#### Given records

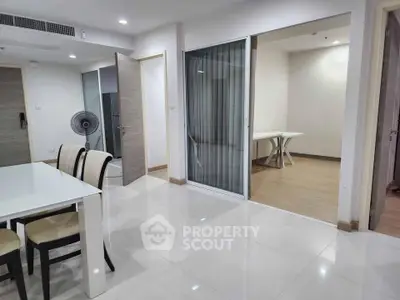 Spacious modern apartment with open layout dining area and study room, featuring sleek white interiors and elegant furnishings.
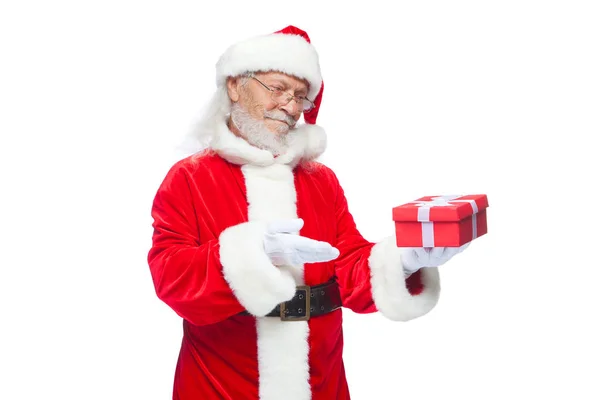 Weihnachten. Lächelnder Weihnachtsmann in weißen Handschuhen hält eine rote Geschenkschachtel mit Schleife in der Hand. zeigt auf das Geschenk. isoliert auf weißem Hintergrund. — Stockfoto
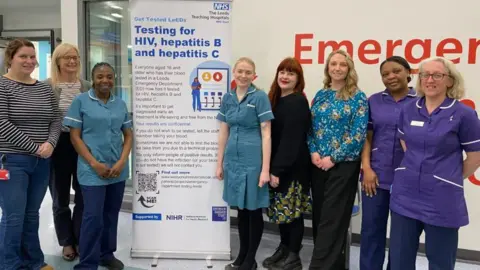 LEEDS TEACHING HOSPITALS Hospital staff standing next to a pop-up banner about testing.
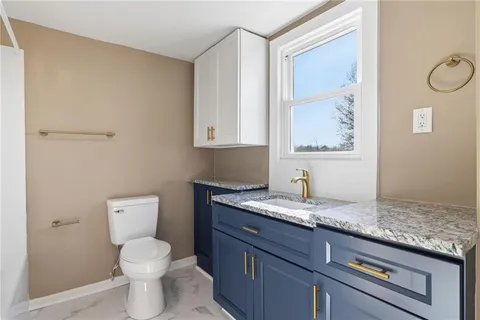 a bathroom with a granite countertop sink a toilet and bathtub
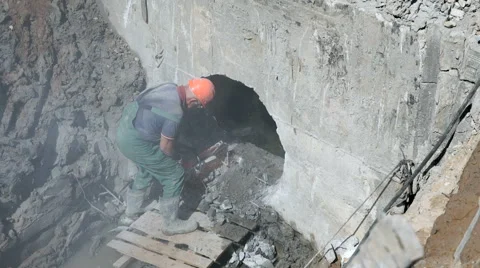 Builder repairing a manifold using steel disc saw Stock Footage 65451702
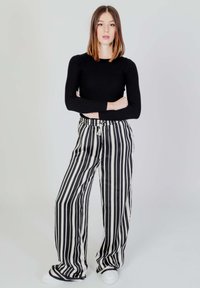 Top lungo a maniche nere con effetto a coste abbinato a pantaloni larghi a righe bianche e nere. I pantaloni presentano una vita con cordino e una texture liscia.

########

▶ _Directions_: Pictures stay out. Print the data exactly, from its first line through the line containing "Builder repairing a".

▶ _Answer to this problem_:
 Spacious modern apartment with open layout dining area and study room, featuring sleek white interiors and elegant furnishings.
 Weihnachten. Lächelnder Weihnachtsmann in weißen Handschuhen hält eine rote Geschenkschachtel mit Schleife in der Hand. zeigt auf das Geschenk. isoliert auf weißem Hintergrund. — Stockfoto
 LEEDS TEACHING HOSPITALS Hospital staff standing next to a pop-up banner about testing.
 a bathroom with a granite countertop sink a toilet and bathtub
 Builder repairing a manifold using steel disc saw Stock Footage 65451702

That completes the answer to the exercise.